Dec 2, 2020

**Part 4: Applying Predictive Models to Enhance Decision Making****By Andrei Popescu, 4Cast Product Owner**

Welcome back to the 4th and final edition of this series on data analytics as a key to the future success of the Energy sector. It’s been a little longer so far than I thought when I initially set out to write these articles, but in truth, we have barely scratched the surface of this deep and complex topic. If you haven’t already, I’d invite you to check out the previous 3 sections:

Part 1: What is Predictive Analytics

Part 2: Data Mining and EDA

Part 3: Data Modelling

Just to recap quickly, we discussed predictive analytics broadly as **a variety of statistical techniques that help us to analyze current and historical facts in order to make predictions about future events**. We then outlined the data set we had to work with and some specific steps which we would tackle to increase our understanding of the drivers behind production:

- Define the
**target**variable that we want to predict which can help inform our strategic decisions - in this case, our target will be**Length Normalized 12-month Production** - Compile and visualize the available data in a consistent format, and one that can be directly compared to our target - since 12-month Production is measured at the Well level, our data should also be organized and reported at the Well level
- Identify existing trends/patterns within our data, and define dependent relationships
- Select and preprocess input variables - these input variables should be quantities that can be known with a high degree of confidence prior to drilling new wells
- Build, test, and refine data models until we have one which can accurately predict historic results based on the defined input variables
- Simulate a large number of potential future development options, and use the data model to predict the results
- Identify the simulated option which is predicted to achieve the optimal result

Last week we took care of Steps 4 and 5, and we trained both a Random Forest and a Multiple Linear Regression model to predict **length normalized 12-month production** using the following variables as inputs:

**Feature Variables**: Proppant Concentration, Fluid Concentration, Stage Spacing, Total Number of Stages, and Average Porosity

So where do we go from here? We now have a model that can predict our future results with a reasonable amount of confidence, so how do we best utilize this model in our future decision making? We could of course manually run a handful of different potential development scenarios through our model, and see how they are expected to perform. If the scope of our future development is fairly limited, this may prove to be good enough, as it allows us to run each specific scenario and see which of them is predicted to achieve the best results. What happens, however, if the question we are faced with is much broader? What if we need to recommend the location and design for the most cost-effective wells to Management as opposed to choosing between a few different pre-planned options?

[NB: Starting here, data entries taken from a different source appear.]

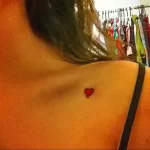Фото тату сердце на ключице 02.01.22 №0031 - tattoo heart - tattoo-photo.ru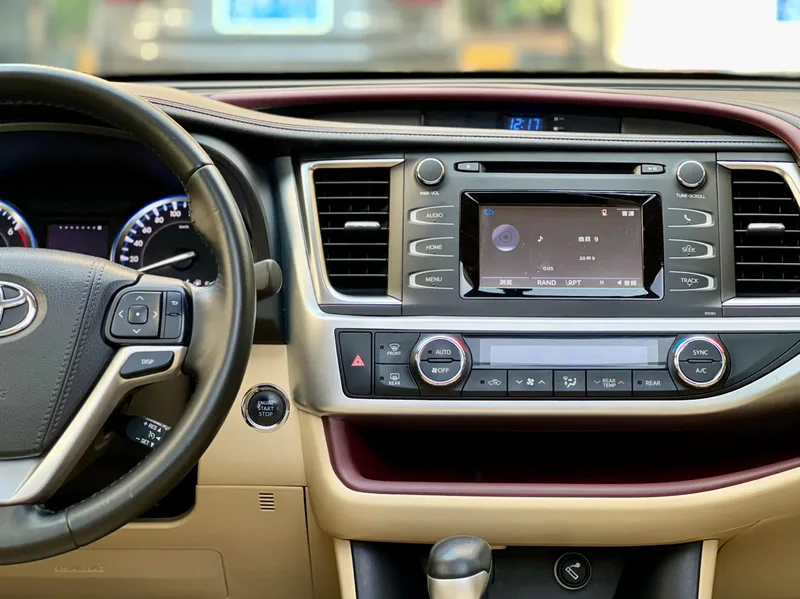 Toyota Highlander 2015 2.0T Edición de lujo con tracción en las cuatro ruedas 7 Asiento exterior foto 9 Toyota Highlander 2015 2.0T Edición de lujo con tracción en las cuatro ruedas 7 Asiento exterior foto 9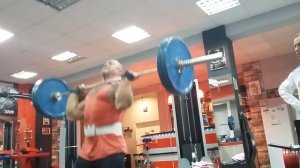 Жимовой швунг штанги 100 кг на 10 раз.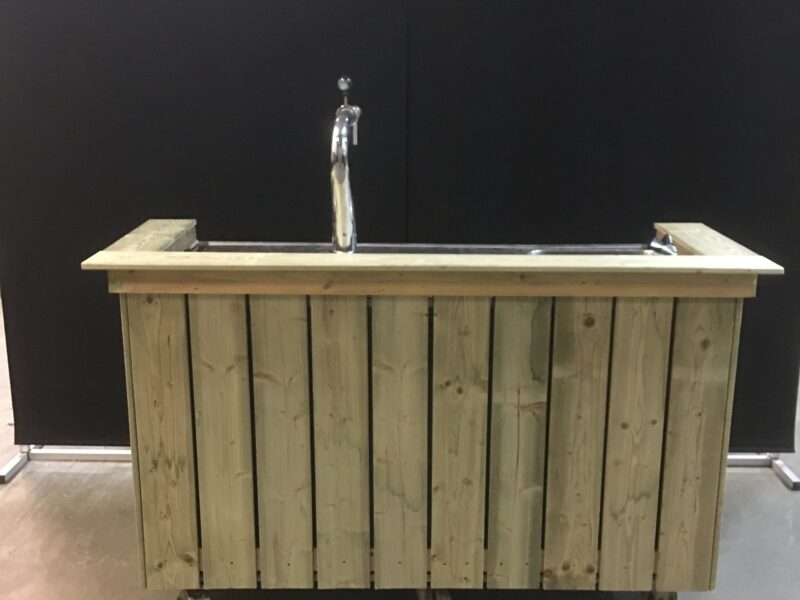 Lounge Biertap Luxe mobiele lounge biertap van gerecycled marktkraamhout, rustieke bar met tapinstallatie voor evenementen en feesten.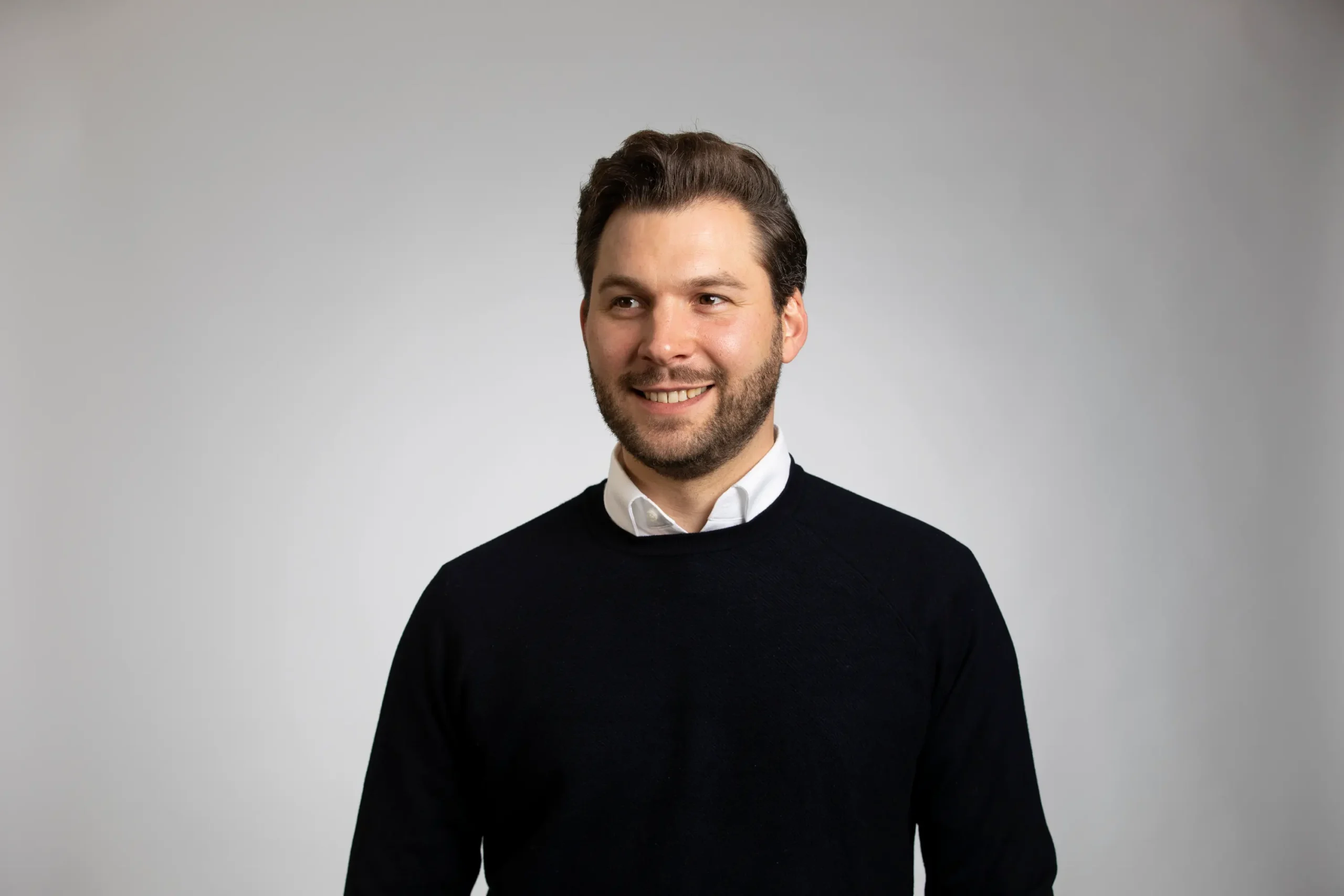 Dein langfristiger Begleiter beim Thema Finanzen Die Grafik zeigt ein Profilbild des Finanzberaters Jens-Frederik Becker, der für ZSH Zahnärzte und Humanmediziner betreut.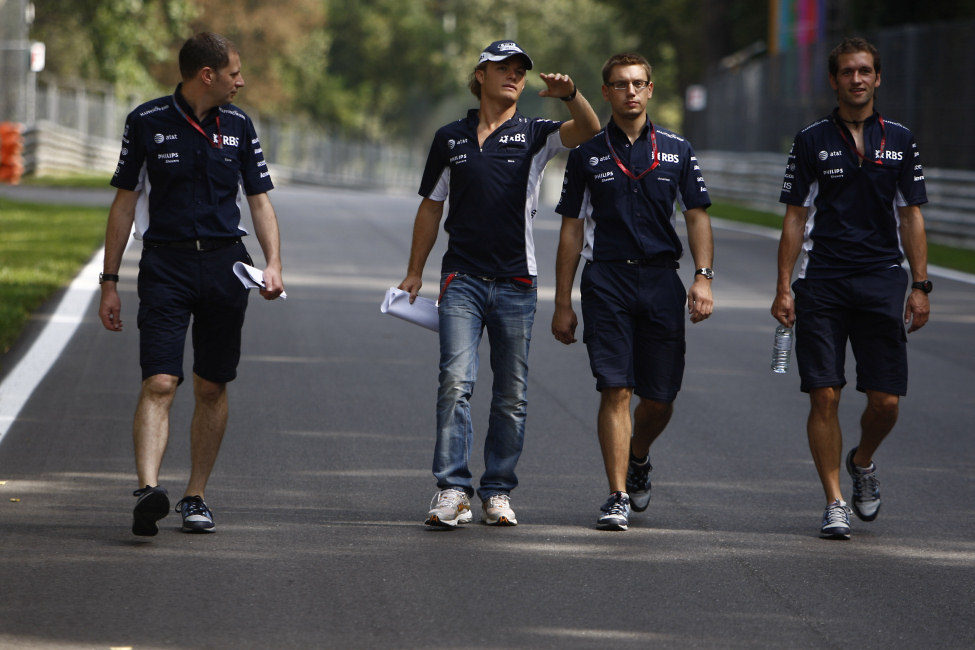 Rosberg y sus ingenieros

In this case, there is a myriad of different possibilities we would want to consider in order to ensure that we provide a robust and rigorously evaluated recommendation. As you can imagine, even with the help of our predictive model, manually designing and testing each individual scenario would be incredibly time-consuming, and would undoubtedly leave a large number of potential options on the table un-tested.

Fortunately, 4Cast can come to our rescue once again in this situation. We have at our disposal a tool that allows us to simulate an immense number of different scenarios (upwards of 2 million) very quickly and easily. What this means, is that we can model the results of millions of potential scenarios in a matter of minutes, and then spend our time where it really matters - identifying which of those scenarios is most optimal based on the known constraints of our upcoming development cycle.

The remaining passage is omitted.